When the builder Michael Chen couldn't travel to be with his family last Christmas, he learned to make one of his mother's recipes himself.

The architect Michael Chen describes his mother's beef noodle soup as a lighter version of a Taiwanese street-food classic.
Credit... Kyoko Hamada

Michael Chen is primarily known for residential projects and one chemical element of them that the architect peculiarly enjoys designing is the kitchen. In a brownstone in Brooklyn'southward Clinton Hill neighborhood that his namesake New York firm, Michael Yard Chen Architecture, revamped in 2019, that meant maroon cabinets; an avocado green island with a sink on i side and a cutout for four stools on the other, so that a melt might prep and chat; and tumbling-cake-patterned concrete floor tiles. He'south too fond of green serpentine stone ("I recollect a white kitchen is and so boring," he says), unobtrusive ability outlets and high-stop induction burners in lieu of gas ranges ("if it's skilful enough for Thomas Keller…"). "There's often a real tension in people's expectations vis-à-vis kitchens between things that are beautiful and things that are functional," says Chen, 46, "only I don't see those qualities as contradictory." His belief that a infinite tin and should be both stems from his architectural training, of form, but also, like his interest in kitchens in general, from the fact that he is something of a melt himself, and thus able to conceptualize a client's needs in this arena.

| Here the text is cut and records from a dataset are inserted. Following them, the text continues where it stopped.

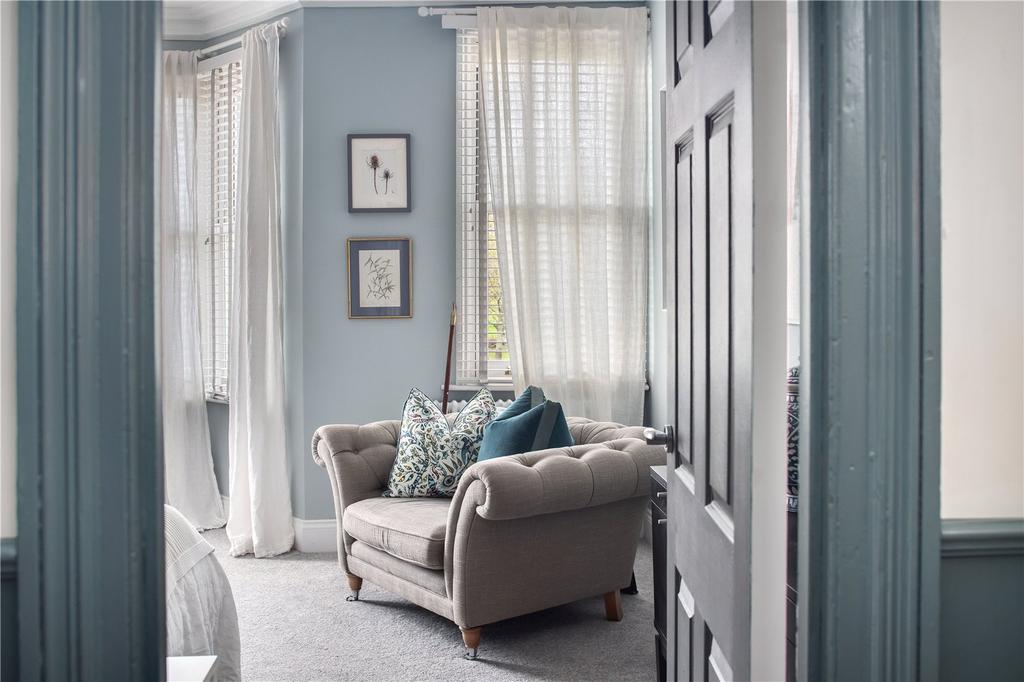 Bedroom Detail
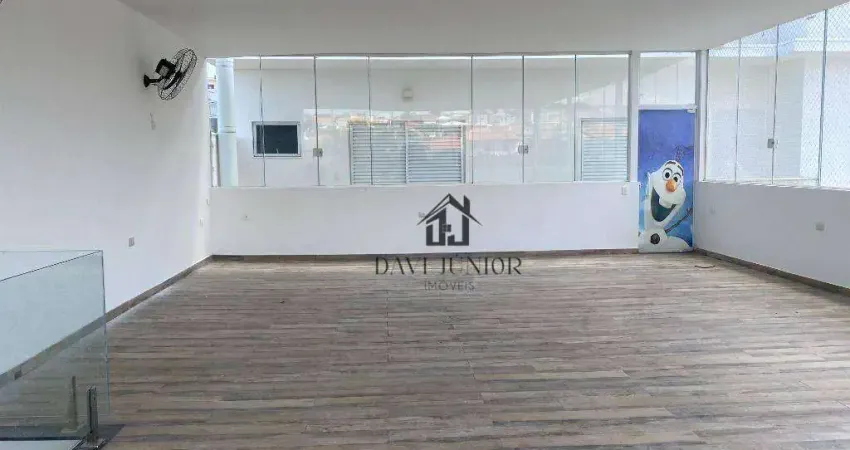 Casa, 410 m² - venda por R$ 2.300.000,00 ou aluguel por R$ 10.842,00/mês - Condomínio Ibiti do Paço - Sorocaba/SP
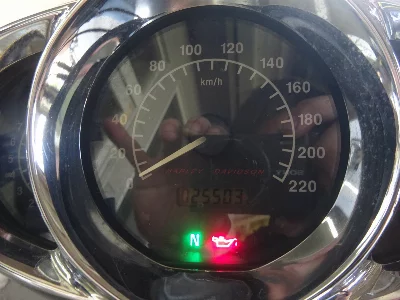 Harley-Davidson HARLEY VRSCA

His own kitchen, with a stone counter, a Flos light fixture by Jasper Morrison and a profusion of walnut cutting boards and Japanese knives, is the heart of the Chinatown, Manhattan, apartment that he shares with his husband, Andy Beck, a lawyer with the A.C.L.U. Until not then long agone, the flat was the site of countless dinner parties that allowed Chen to evidence off his culinary skills and since, as he puts it, "conquering is a scrap of an occupational hazard in my line of work," the many beautiful dishes he's collected over the years, including asymmetrical ceramics by Eric Bonnin from Mociun in Brooklyn, vintage chartreuse Russel Wright lug bowls scored on eBay and marbleized plates from MK Studio purchased on a trip he and Beck took to Copenhagen. The pandemic put a interruption on such gatherings, but, in the early days of it, Chen could nevertheless be constitute in the kitchen, nursing his sourdough starter or rolling out pasta dough for homemade lasagna. So, last Dec, he decided to try his paw at another labor-intensive recipe: his mother'south beef noodle soup.

Known as niu rou mian in Mandarin, the dish is ubiquitous in Taiwan, where many mainlanders, including Chen'due south parents, Robert and Grace Chen, moved during the Communist revolution of the 1940s. Appropriately, many of the regional characteristics of distinct noodle soups merged, creating what Chen describes every bit a scrap of a mishmash. "Information technology's similar Taipei's reply to a hot dog. My parents used to talk about getting this dish from street vendors when they were young — if they had some extra money, they'd club it with meat but, if not, they'd just get the broth," says Chen.

Image

Credit... Kyoko Hamada

Merely while his parents were sampling the same street food in Taiwan in the '50s, they didn't run across until they were graduate students in Florida in the late '60s. The following decade, they moved to Contra Costa County, which sits just e of San Francisco, and that is where Chen would come to love niu rou mian, or at least the version of it that his mother adjusted in keeping with the health-conscious culinary mores of Northern California. "There'southward this leanness to the way our family cooks," says Chen. "It's less spicy, less fat, more concentrated and clearer than what you lot might find in a restaurant." Though this made it no less of a care for: Chen's mother would ready the dish every year for Christmas Mean solar day tiffin, and extended family would descend on the house for a sense of taste.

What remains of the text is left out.